The Rock of Guatapé is a landmark inselberg in Colombia. It is located in the town and municipality of Guatapé, Antioquia. It is also known as The Stone of El Peñol, or simply La Piedra or El Peñol, as the town of El Peñol, which borders Guatapé, has also historically claimed the rock as their own and thus has led to different names for the site.
The landform is a granitic rock remnant that has resisted weathering and erosion, likely as result of being less fractured than the surrounding bedrock. The Peñón de Guatapé is an outcrop of the Antioquia Batholith and towers up to 200 meters (656 feet) above its base. Visitors can scale the rock via a staircase with 708 steps built into one side.
An inselberg or monadnock is an isolated rock hill, knob, ridge, or small mountain that rises abruptly from a gently sloping or virtually level surrounding plain.
Near the base of the Rock, there are food and market stalls for shopping. About halfway up the stairs, there is a shrine to the Virgin Mary. The summit contains a three-story viewpoint tower, a convenience store, and a seating area.

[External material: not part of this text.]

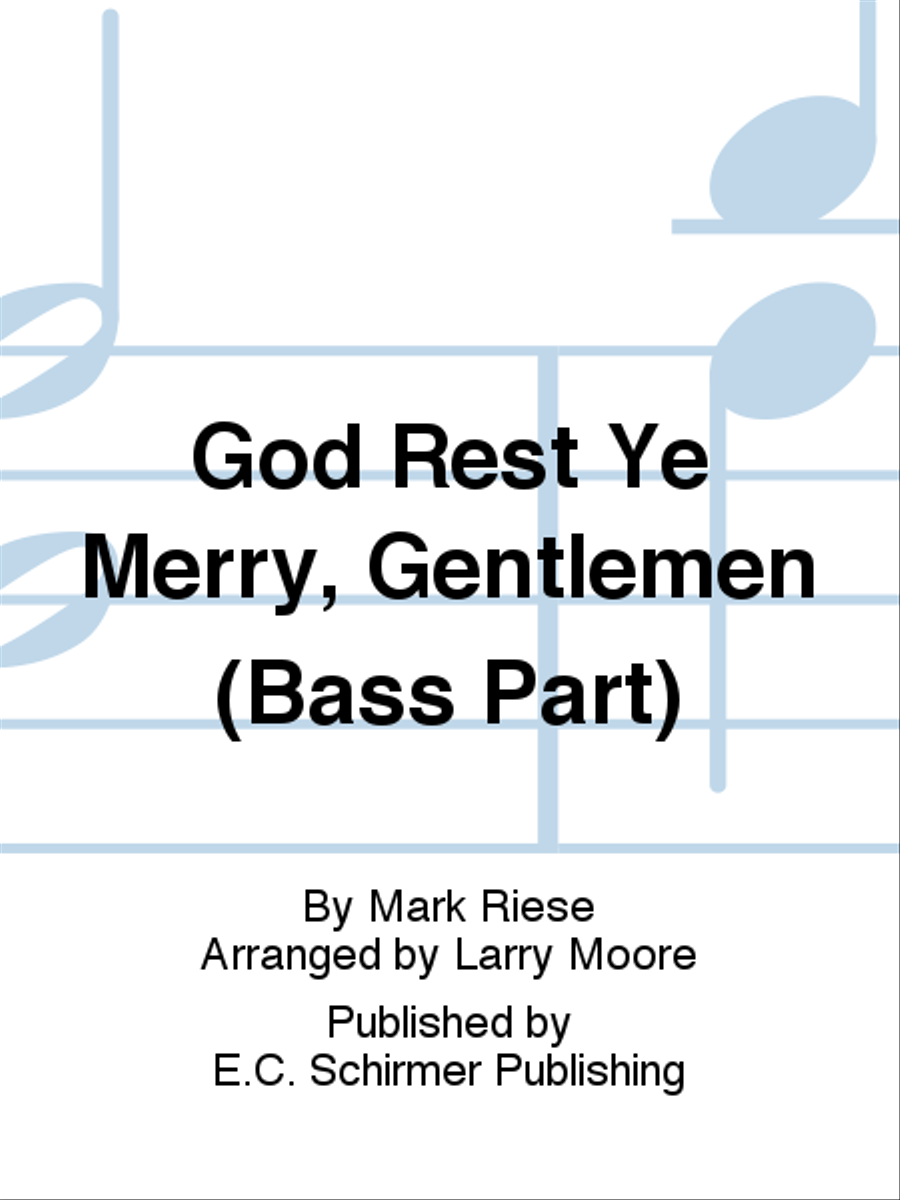 Christmas Trilogy: 3. God Rest Ye Merry, Gentlemen (Bass Part) Choir scores gallery preview page 1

The rock was first officially climbed in July 16, 1954, when Luis Eduardo Villegas López, Pedro Nel Ramírez, and Ramón Díaz climbed the rock in a five-day endeavor, using sticks that were fixed against the rock’s wall.
A new species of plant, named Pitcairnia heterophylla by a German scientist, was found on the top of the rock.
A viewing spot was built on top of the rock, where it is possible to acquire handicrafts, postcards, and other local goods. It is possible to see the 500 km shore-perimeter dam. There are 649 steps to the uppermost step atop the building at the summit, a fact reinforced by yellow numbers also seen in the climb up the stairs.
In the 1940s, the Colombian government declared it a National Monument.